PERSONAL: Born 1951.

CAREER: Writer, journalist. Former television news correspondent. Has appeared on television and radio programs, including the Today Show, National Broadcasting Company (NBC), American Morning, Cable News Network (CNN), Real Time with Bill Maher, Hardball with Chris Matthews, Microsoft-National Broadcasting Company (MSNBC), CBS Evening News, Columbia Broadcasting System (CBS), Morning Edition, National Public Radio (NPR), and Air America Radio.

AWARDS, HONORS: Emmy Award; Edward R. Murrow Award, Radio Television News Director’s Association; Individual Broadcast Achievement Award, Texas Headliner’s Foundation.

WRITINGS

NONFICTION

(With Wayne Slater) Bush’s Brain: How Karl Rove Made George W. Bush Presidential, John Wiley (New York, NY), 2003.

Bush’s War for Reelection: Iraq, the White House, and the People, John Wiley (New York, NY), 2004.

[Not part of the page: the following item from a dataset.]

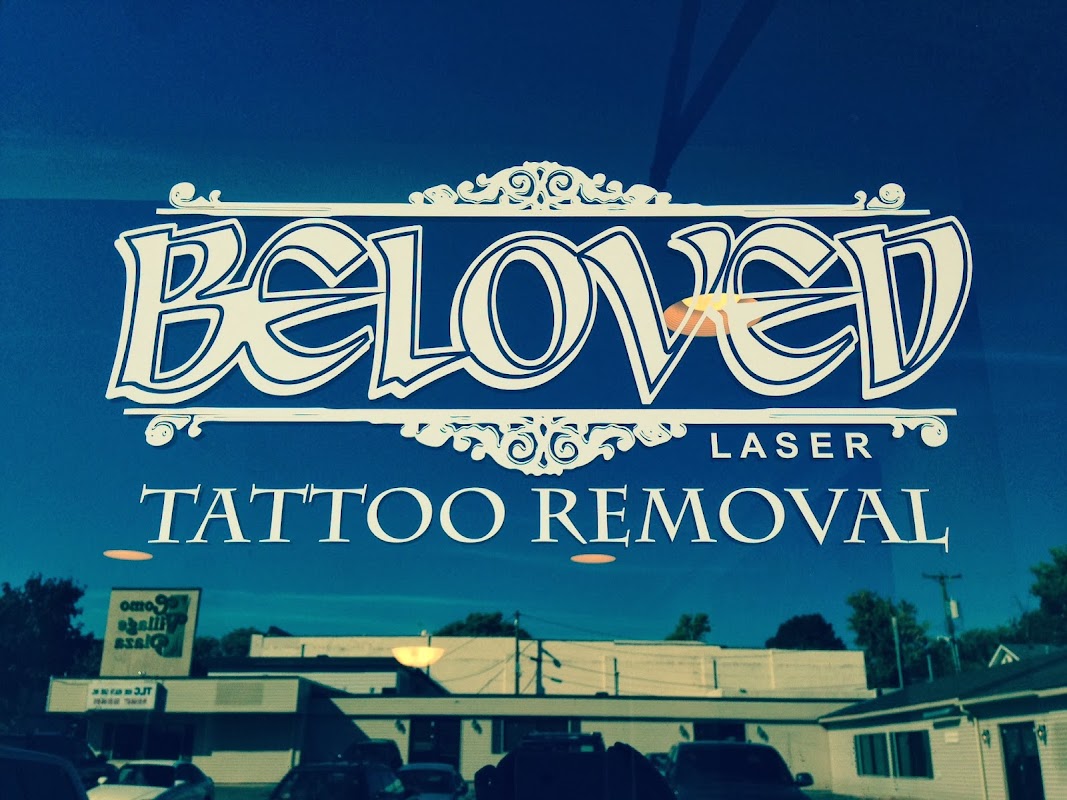 Beloved Laser Tattoo Removal โ laser tattoo removal clinic in Roseville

(With Wayne Slater) The Architect: Karl Rove and the Master Plan for Absolute Power, Crown (New York, NY), 2006.

(With Wayne Slater) Rove Exposed: How Bush’s Brain Fooled America, John Wiley (New York, NY), 2006.

Also author of Web log, James Moore, found on The Huffington Post Web site.

ADAPTATIONS: Bush’s Brain: How Karl Rove Made George W. Bush Presidential was adapted for a documentary film, 2004, by BB Productions, directed by Michael Paradies Shoob and Joseph Mealey.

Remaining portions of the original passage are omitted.